Perquisitions : « l’alibi » du juge judiciaire 

Pour Laurence Blisson, secrétaire générale du Syndicat de la magistrature, le juge judiciaire fera figure ici « d’alibi ». « Il n’aura pas les moyens de faire un véritable contrôle car il sera soumis aux seules informations que lui fourniront les services de renseignement et la préfecture. Le fait que cette perquisition ne soit pas liée à une infraction pénale pose des questions sur la base légale du texte » estime-t-elle. Dans une tribune publiée dans le journal Le Monde, ce jeudi, un collectif d’avocats déplore carrément « une atteinte à l’État de droit ». « Nul besoin de grands discours pour comprendre qu’au quotidien l’impératif de sécurité est dévoyé et que nos libertés sont sacrifiées sur l’autel de ce dévoiement » déplorent-ils avant de rappeler quelques chiffres. « Depuis le 22 juillet 2016 – selon les chiffres de suivi du Parlement – 590 perquisitions ont été ordonnées, 65 ont eu des suites judiciaires dont 25 pour des infractions à caractère terroriste ».
 

« Assignations individuelles » au lieu d’assignation à résidence

En ce qui concerne, les trois autres « mesures phares » dont la finalité est de sortir du régime d’état d’urgence tout en protégeant les libertés individuelles, il s’agit de l’instauration, par les préfets, de zone de protection dans des lieux soumis à des risques d’actes de terrorisme. La préfecture pourra aussi décider de fermer des lieux de cultes si « les propos qui y sont tenus incitent à la commission d’actes de terrorisme ». Enfin, les assignations à résidence qu’il faut désormais appeler « assignations individuelles », c’est-à-dire « l’obligation de ne pas se déplacer à l’extérieur d’un périmètre géographique permettant le maintien d’une vie familiale et professionnelle », seront prises par le ministre de l’Intérieur après en avoir informé le parquet.

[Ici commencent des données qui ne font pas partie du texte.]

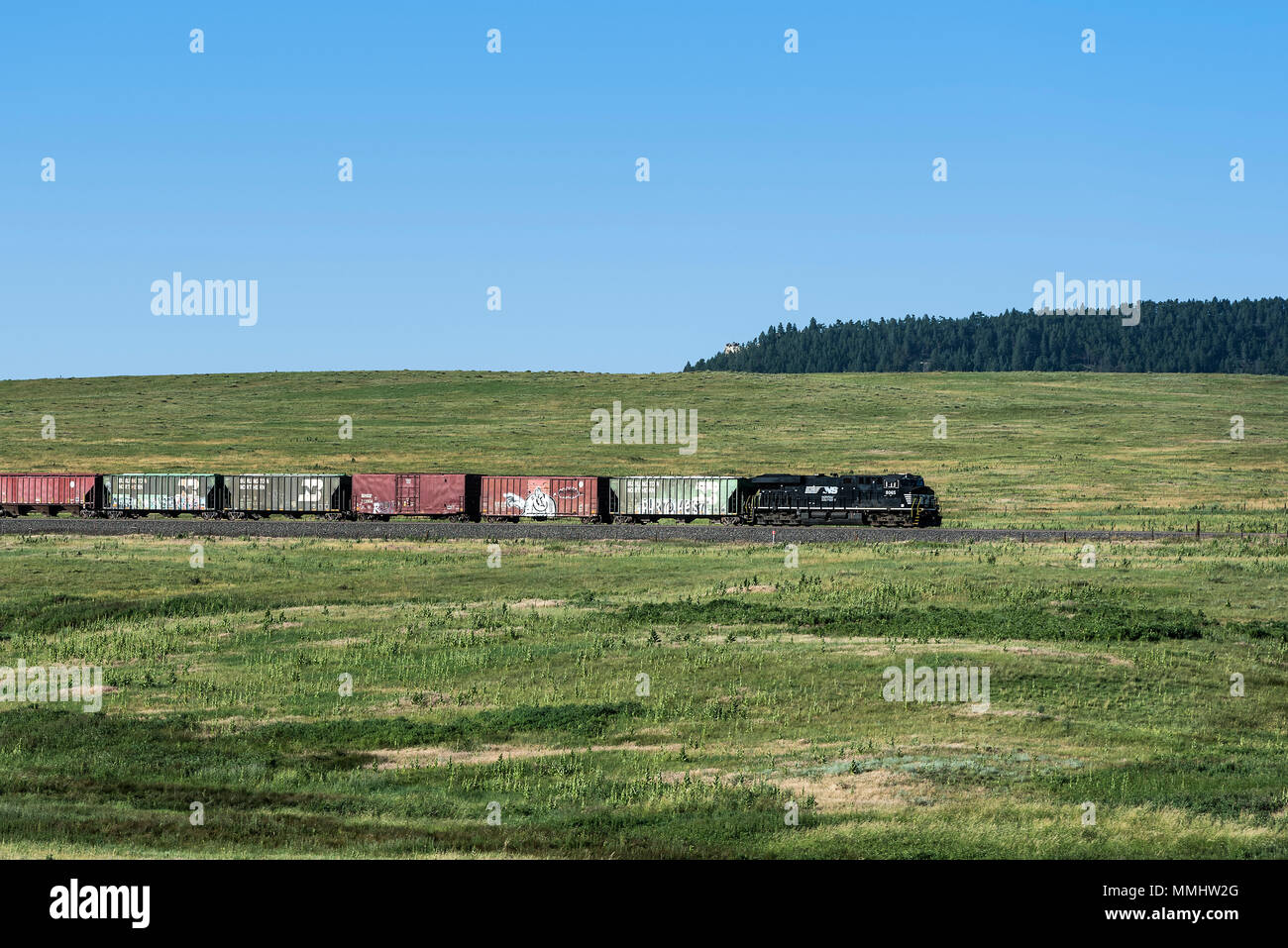 Train transports cargo through the Colorado landscape. Stock Photo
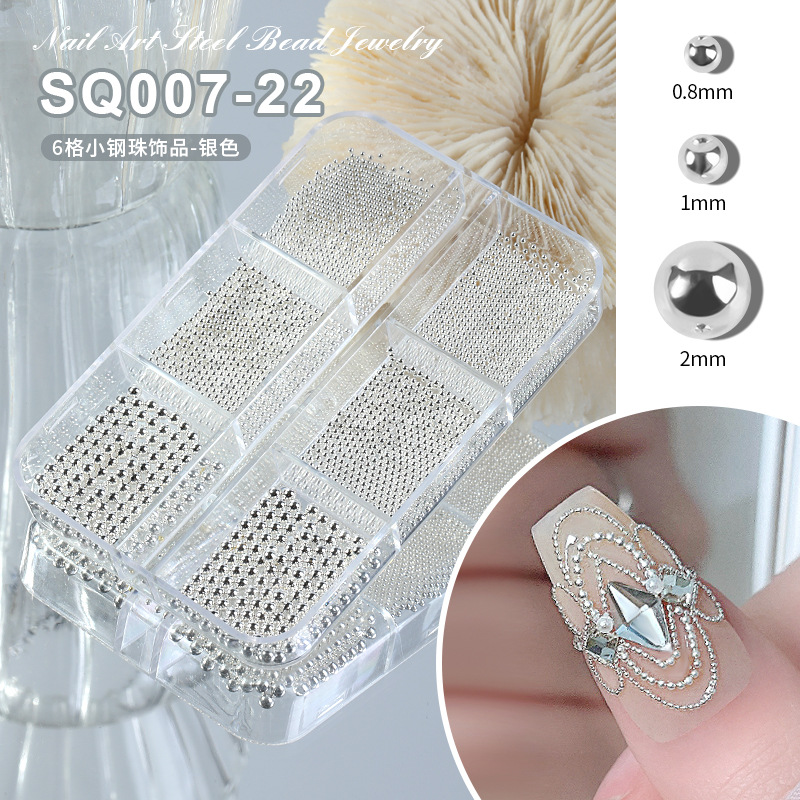 Celebridad de Internet mismo estilo joyería de uñas pequeña bola de acero desgaste paquete de material de uñas accesorios de decoración de taladro de uñas pequeña joyería al por mayor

Les assignations seront limitées à trois mois, renouvelables si l'autorité administrative est en mesure d'apporter de nouveaux éléments. Ces trois mesures feront donc simplement l’objet de contrôle a posteriori du juge administratif.

Le projet de loi prévoit également la transposition dans la loi française de la directive européenne sur le dispositif Passenger Name record, (informations sur tous les passagers aériens).

Il précise également le cadre juridique pour procéder à des écoutes hertziennes que le Conseil Constitutionnel avait censuré en octobre 2016.

Enfin, la future loi entend élargir les périmètres dans lesquels les forces de l'ordre peuvent procéder aux contrôles aux frontières et aux gares ouvertes au trafic international comme allonger de 6 à 12 heures la période durant laquelle ils peuvent les réaliser.